• [TASK REQUIREMENTS] Below is a listing; return it in full, exactly as it appears.

• [SUPPLIED INFORMATION]

"""

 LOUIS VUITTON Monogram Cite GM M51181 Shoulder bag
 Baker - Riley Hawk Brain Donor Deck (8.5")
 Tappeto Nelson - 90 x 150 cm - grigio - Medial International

"""

• [WRITTEN REPLY]
 LOUIS VUITTON Monogram Cite GM M51181 Shoulder bag
 Baker - Riley Hawk Brain Donor Deck (8.5")
 Tappeto Nelson - 90 x 150 cm - grigio - Medial International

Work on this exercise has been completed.